Tokio Marine & Nichido Fire Insurance (China) was the first foreign property insurance company to enter China. It has been operating in the country and been actively involved in China's economic development for 29 years.

More than 20 years ago, Fujita visited the Chinese mainland twice and worked and lived in Beijing and Shanghai. In April 2021, she returned to Shanghai to work as an executive director and president of Tokio Marine & Nichido Fire Insurance Company (China), and the company will soon celebrate its 30th year of development in China.

First Steps

Established in 1879, Tokio Marine is Japan's oldest insurance company and had already established business ties with China before entering the country.

As early as 1972, Tokio Marine began cooperating with Chinese insurance companies in reinsurance and marine cargo insurance, resolving claims issues faced by Japanese insurance companies providing insurance policies for Japanese exports to China.

In 1980, Tokio Marine established a representative office in Beijing, becoming the first foreign insurance company to do so. In 1992, Shanghai was designated by the State Council as the first pilot city for opening up the insurance sector in China. In 1993, Tokio Marine established its representative office in Shanghai.

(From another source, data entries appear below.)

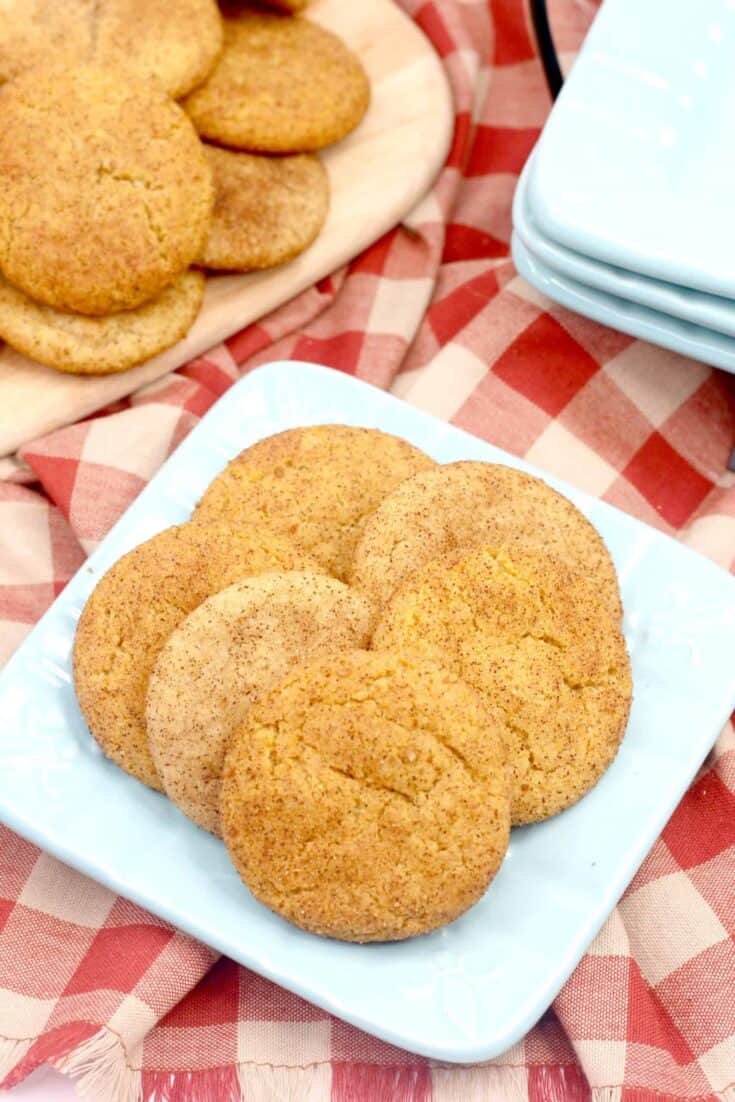 Chewy Honey Cookies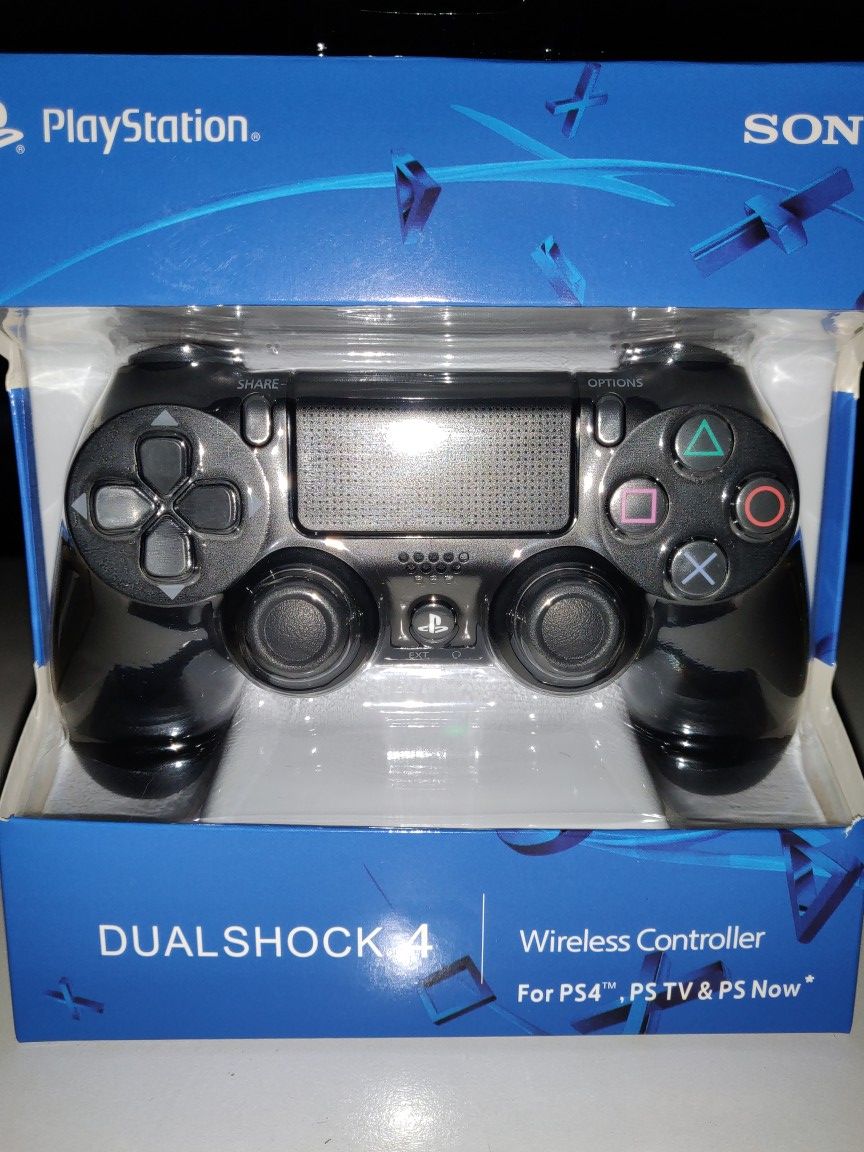 Sony PlayStation DualShock 4 wireless controller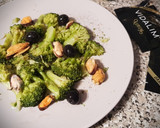 Foto del paso 4 de la receta: Brócoli al vapor con Mejillones y Aceitunas Negras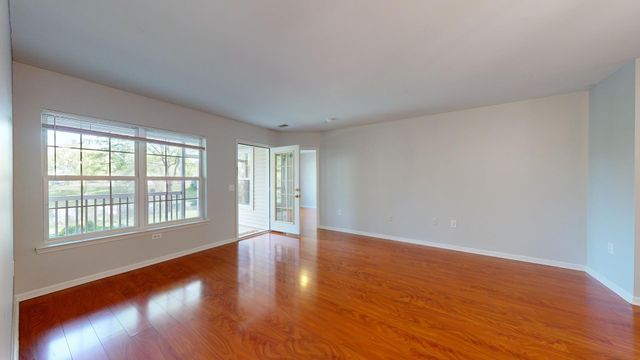 2771 S Knightsbridge Circle, Ann Arbor, MI 48105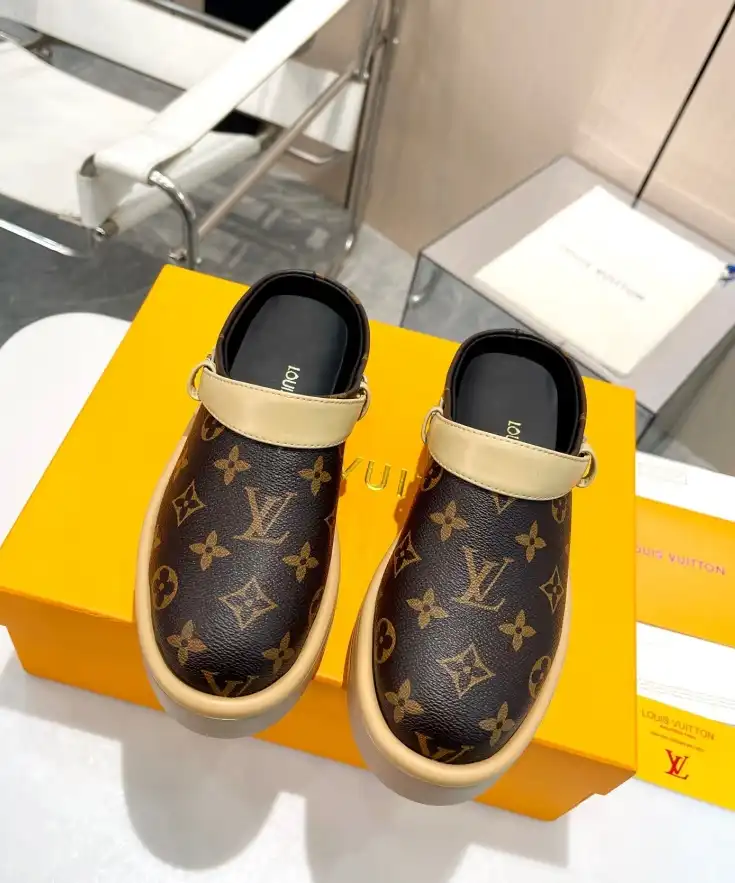 hype LV Slippers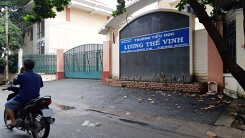 Giáo viên chủ nhiệm tát vào mặt, đá vào mông học sinh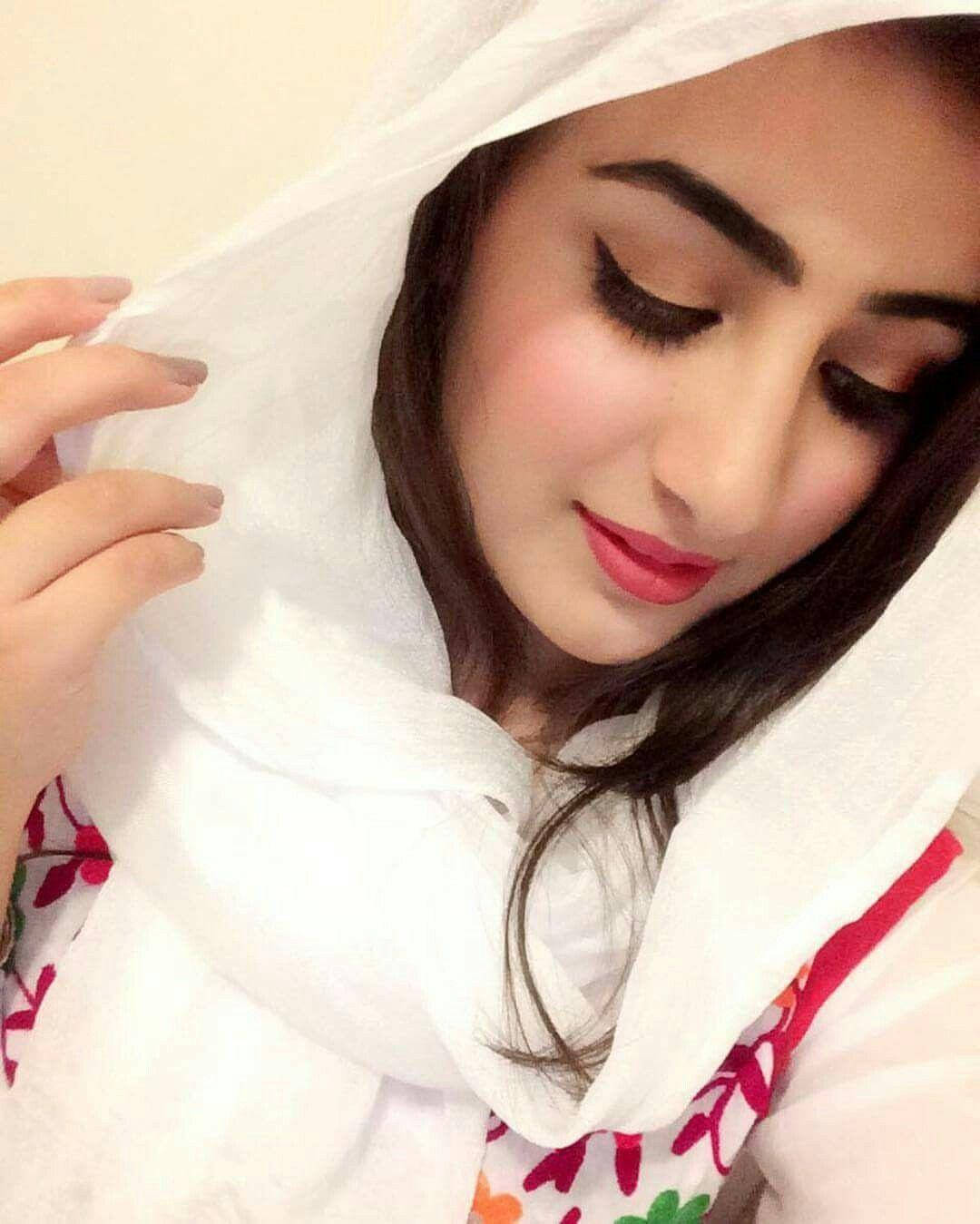 Cô gái Hijab tự sướng trong trang phục trắng Hình nền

In 1994, it established its Shanghai branch, which became the first foreign-invested property insurance company approved to operate in China.

Fujita still remembers that the first policy issued by Tokio Marine & Nichido Fire Insurance Shanghai Branch was signed on Sept 27, 1994.

The entry of foreign-funded insurance companies, including Tokio Marine, into Shanghai led to a rapid increase in the overall market share of foreign-funded insurance companies.

The market share grew from 0.51 percent in 1993 to 9.35 percent by the end of 1995. Shanghai's insurance market became diversified and multi-level, making it the city with the largest number of insurance companies in China at that time. By the end of 2000, the premium income of the Shanghai insurance market had reached 12.72 billion yuan, with an average annual growth rate of 38.7 percent.

Fujita recalls that finding an office location was challenging when she first arrived in Shanghai. Before the mid-1980s, if a company needed to establish an office in Shanghai, it could only rent a suite in a high-end hotel. It was not until 1985 that the first foreign office building in Shanghai, the Union Building, was completed. The construction period for office buildings was usually around three years. Therefore, when preparing to establish a branch in Shanghai, finding an office building was a complicated process, which was eventually resolved through coordination and cooperation among the parent company and other parties.

Fujita reflects on the significant changes in Shanghai's landscape, particularly in the Lujiazui Financial City, which has transformed into a forest of high-rise buildings.

Since 2017, China has become the world's second-largest insurance market. The development of Tokio Marine in the country is a microcosm of the gradual opening up of the Chinese insurance industry.